Record Breakers In Any Other Year

Good news: you’re one of the greatest athletes of all time! Bad news: you peaked in the same year as someone just a little bit better.



Sammy Sosa Roger Maris set the single-season home run record of 61 in 1961, a record that would stand for more than 35 years. In 1998, Mark McGwire and Sammy Sosa battled each other to break Maris’s record…and both did. Sosa’s 66 obliterated Maris’s 61, and he would’ve held the single-season record had he played in any other season. That’s because McGwire finished the season with 70. (Barry Bonds would hit 73 just three years later…and, along with McGwire and Sosa, was linked to performance-enhancing drugs.)


Sham was one of the fastest thoroughbred racehorses of all time. He could’ve even won horse racing’s Triple Crown…had he not had the misfortune of competing the same year as Secretariat, the fastest and most famous racehorse of the 20th century, if not all time. Sham finished second in the Kentucky Derby with a time of under two minutes, a feat not equaled until 2001, not counting the slightly better time of the horse that beat him, Secretariat. In the next branch of the Triple Crown, Sham again finished second (behind Secretariat). And at the Belmont Stakes, Sham burst out to a quick lead, only to lose once again to Secretariat.

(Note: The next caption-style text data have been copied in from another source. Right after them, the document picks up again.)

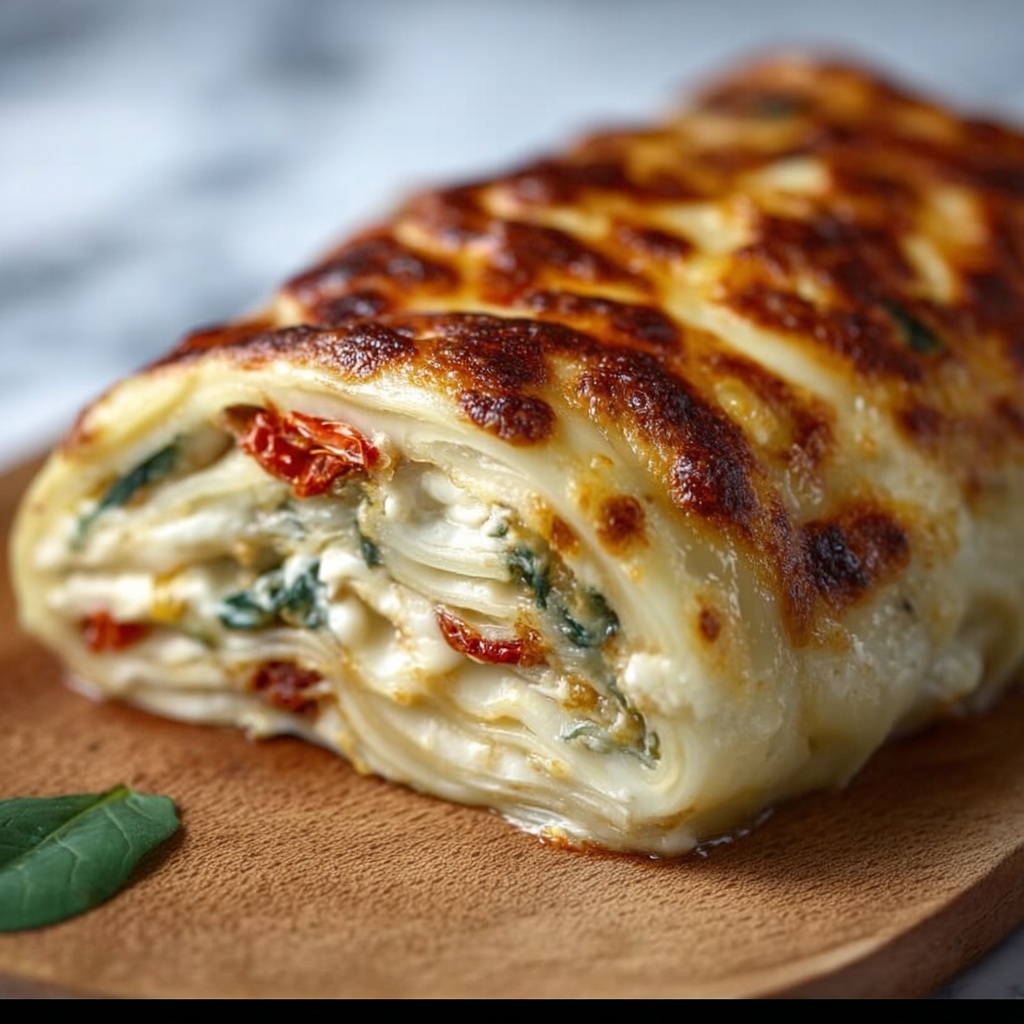 Scalloped Potato Roll with Ground Beef, Spinach, and Cheese Recipe - Recipe Image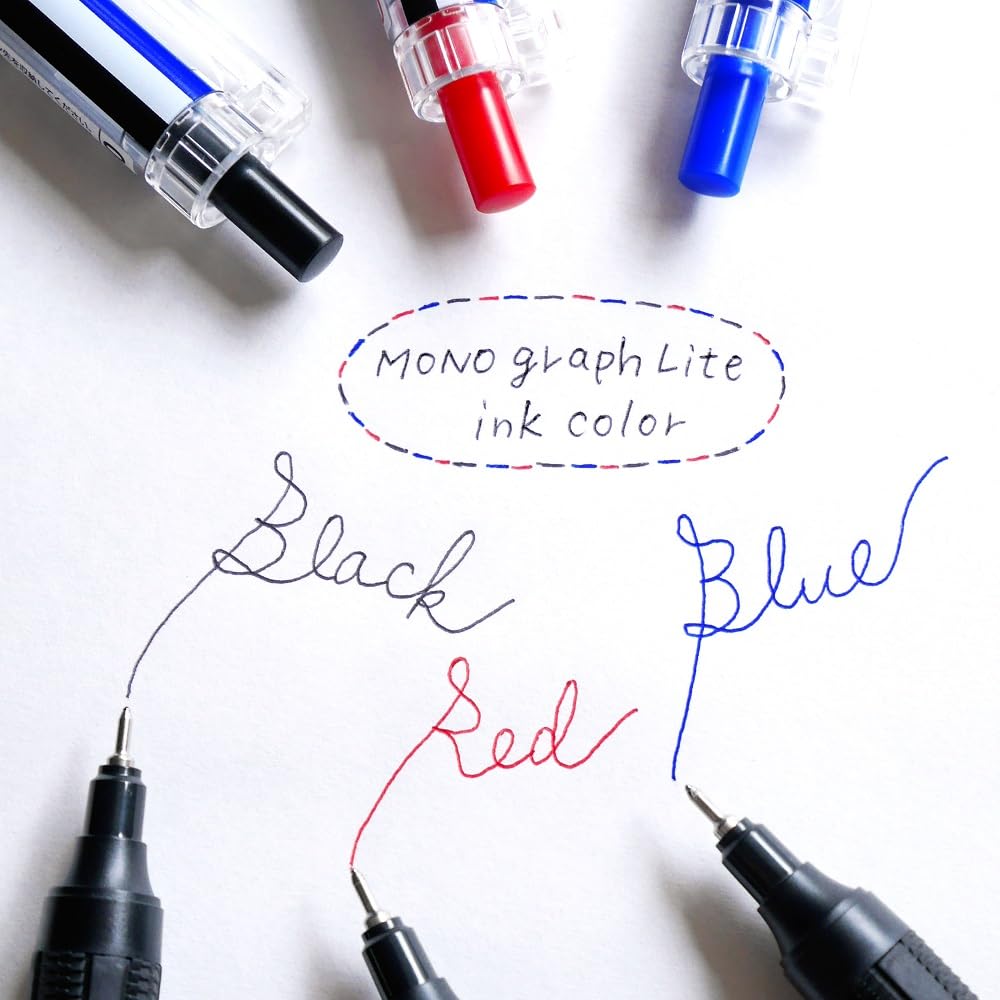 Tombow Mono Graph Light Ballpoint Black MONO Color Oil-Based Pen, 0.38mm, Ink, Barrel, 5-Pack, BC-MGLU01-5P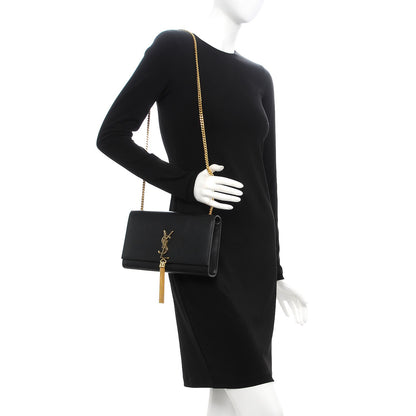 Saint Laurent Smooth Calfskin Medium Classic Monogram Kate Tassel Satchel Black 2 of 9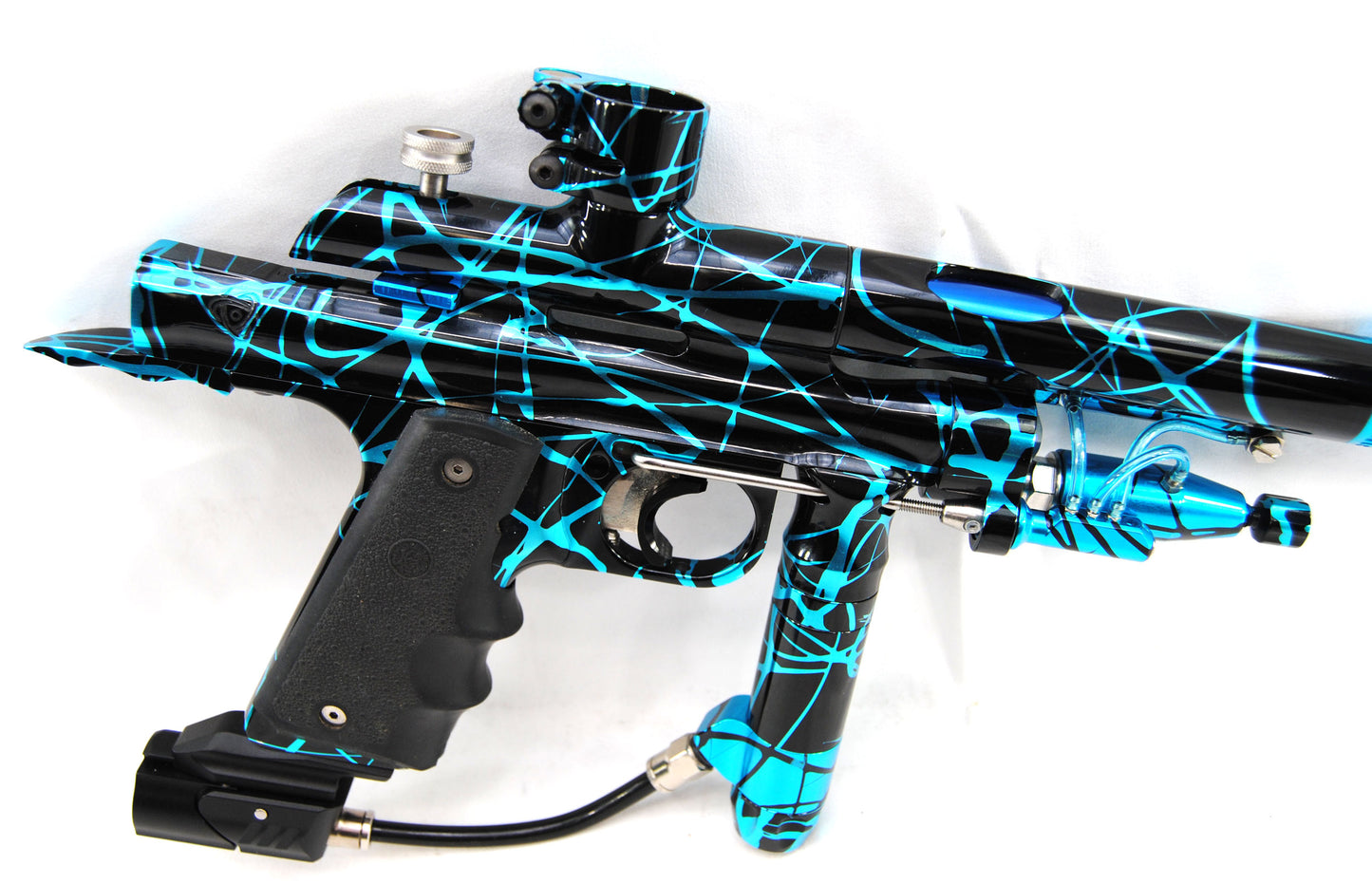 Used Inception Designs FLE Midblock Autococker with E2 E-Blade - Teal Black Splash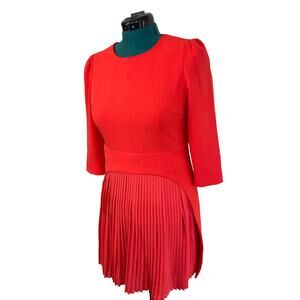 CC&DD Red Pleated Dress, Size M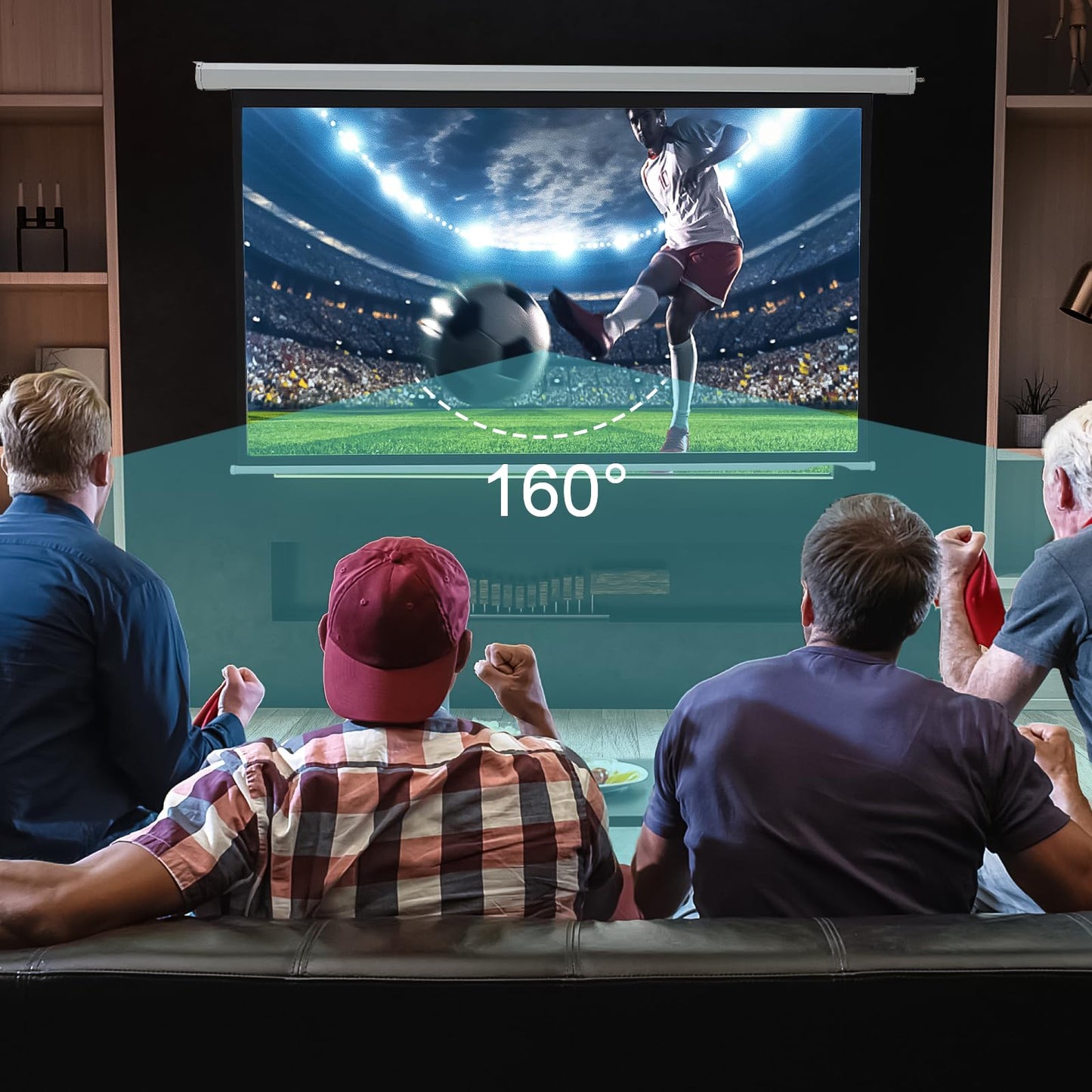 YODOLLA 120" Projector Screen Motorized 16:9, 4K HD Pull Down Retractable Projection Screens Electric Automatic Wall Ceiling Movie Screen for Office Classroom Indoor with Remotes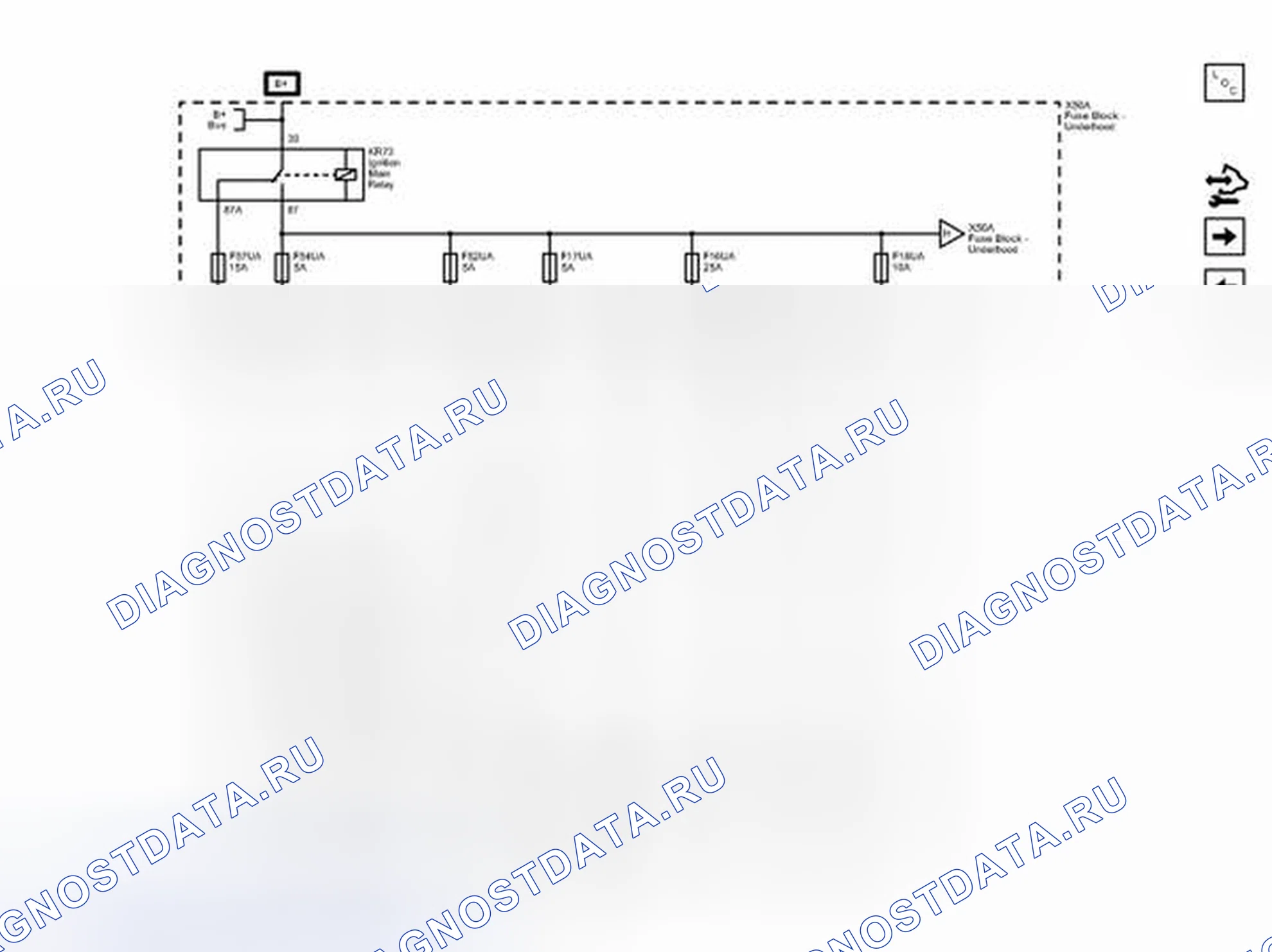 Рис. 64: Предохранители F16UA, F17UA, хтагх2, xtaгх3, xтагx4 и xtegx5 F18UA F52UA F54UA F57UA. Chevrolet Orlando I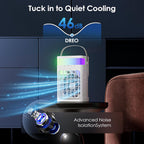 Portable Air Conditioner, Cooling Fan 3 Speeds & 3 Modes Personal Cooling Fan Mini Air Conditioner Fan with Remote, 1500ML Water Tank, Night Light, No battery, for Home Office Bedroom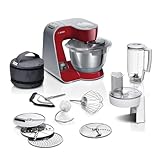 Bosch Küchenmaschine MUM5 MUM5X720, integrierte Waage,Edelstahl-Schüssel 3,9L, Mixer 1,25L, Profi-Knethaken, Planetarisches Rührgetriebe, Rührbesen, Durchlaufschnitzler, 1000 W, Silber/Dunk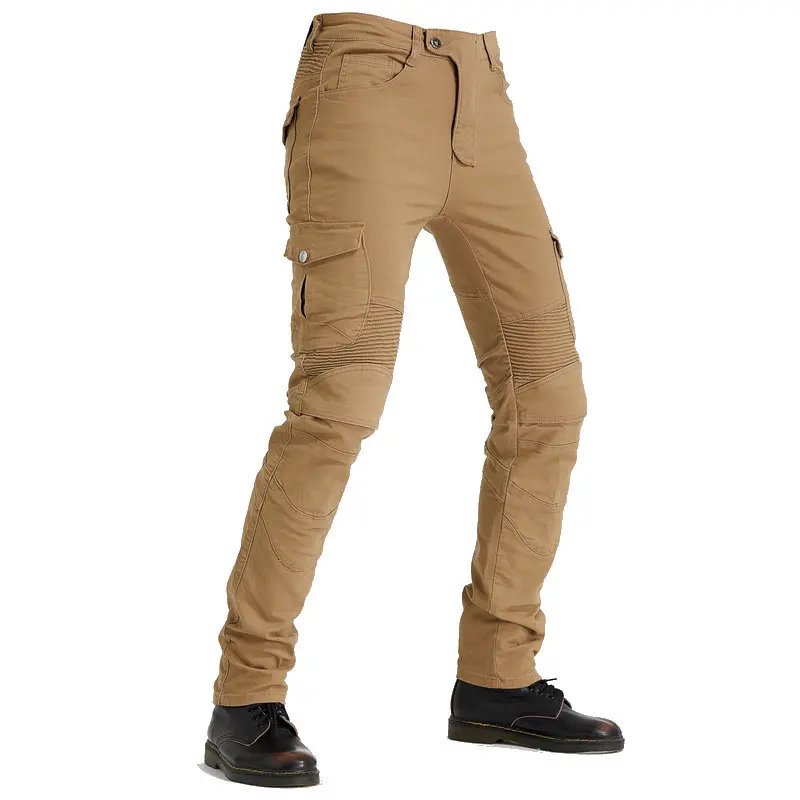 New Men's Khaki Motocross Equipment Traveling Armor CE Certification Jeans Stretch Racing Road Motorcycle Outdoor Cycling Pants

In baseball, the lower a pitcher’s ERA or earned run average, the better he’s doing—allowing fewer runners to score. Rarely does a pitcher’s ERA fall below 2.0, but in 1968, pitchers in both leagues threw their way to historically low levels. Luis Tiant of the Cleveland Indians finished the season with an ERA of 1.603, the lowest since Eddie Cicotte got to 1.532 in 1917. But Bob Gibson of the St. Louis Cardinals achieved an even lower ERA that same season: 1.123, the lowest ever in baseball’s modern age (a record that still stands).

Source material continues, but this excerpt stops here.